Can I Protect The Equity For My Beneficiaries?
This will depend on the type of equity release plan. With a roll-up lifetime mortgage the nature of the scheme will result in the balance increasing over time, as interest compounds. Therefore, the net equity remaining will reduce & theoretically could erode all the beneficiaries inheritance. However, even if the balance exceeds the value of the property at death, or on moving into long term care, the no negative equity guarantee kicks in which will ensure the beneficiaries can never end up owing more than the value of the house.

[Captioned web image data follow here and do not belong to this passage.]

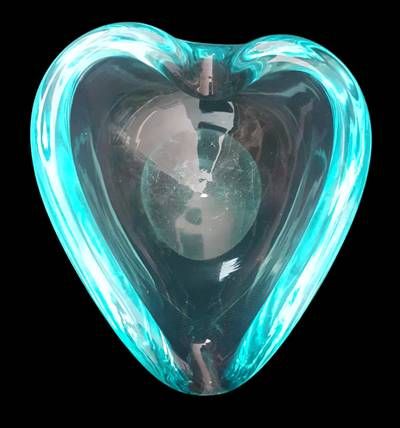 Стъклен пепелник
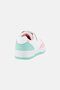 Toddlers Girl Velcro Closure Outdoor Shoes, White - 2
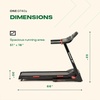 image:imageReebok Treadmills  Powerful Motors Incline Bluetooth Walking or Running Plus 60 Day Free Kinomap Membership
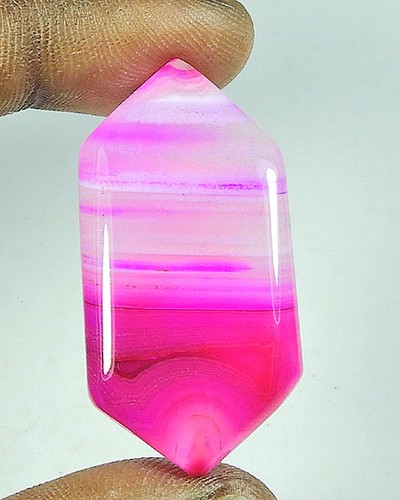 44cts agate onyx teintée - agate,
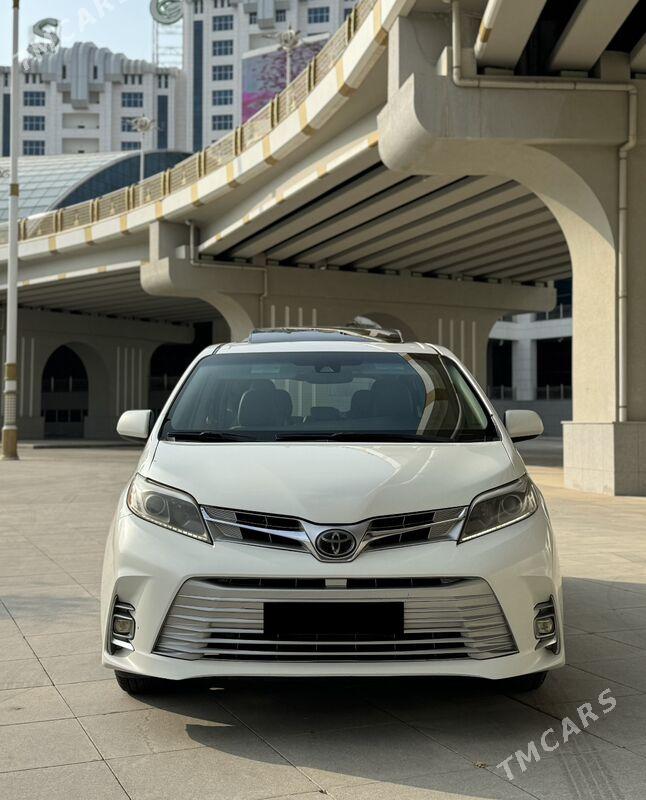 Toyota Sienna 2018 - 430 000 TMT - Ашхабад - img 2
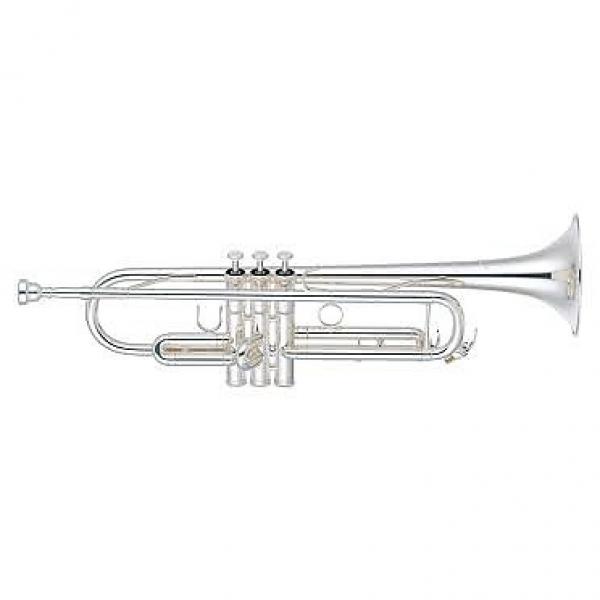 Custom Yamaha YTR4335GSII Silver Intermediate Trumpet (YTR-4335GSII) #1 image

However, this does not guarantee any equity will be passed onto the heirs, only that they will incur no debt. Therefore, by repaying some or all of the interest will ensure the restriction of the compounding effect of the balance. This can therefore help maintain a level equity release balance. Keeping the balance level & hopefully the property value either remaining level or hopefully increasing in the future, will ensure the beneficiaries will receive some inheritance.
Another way that lifetime mortgage plans can secure the equity in the property is by the inclusion of a protected equity guarantee which certain lifetime mortgage companies now provide. This protected equity guarantee needs to included from the outset of the plan by stating how much of the property value you wish to retain at the end of the day. This can restrict the size of the initial release as the lender needs to cover the guarantee at the end of the day.
Finally, home reversion plans truly guarantee an inheritance by the nature of the scheme. By selling a percentage of the property to the reversion company will ensure that the unsold portion will always remain theirs & ultimately their beneficiaries. Therefore, if 40% of the property was sold to raise a lump sum, the remaining 60% would be guaranteed to be passed to the heirs to the property.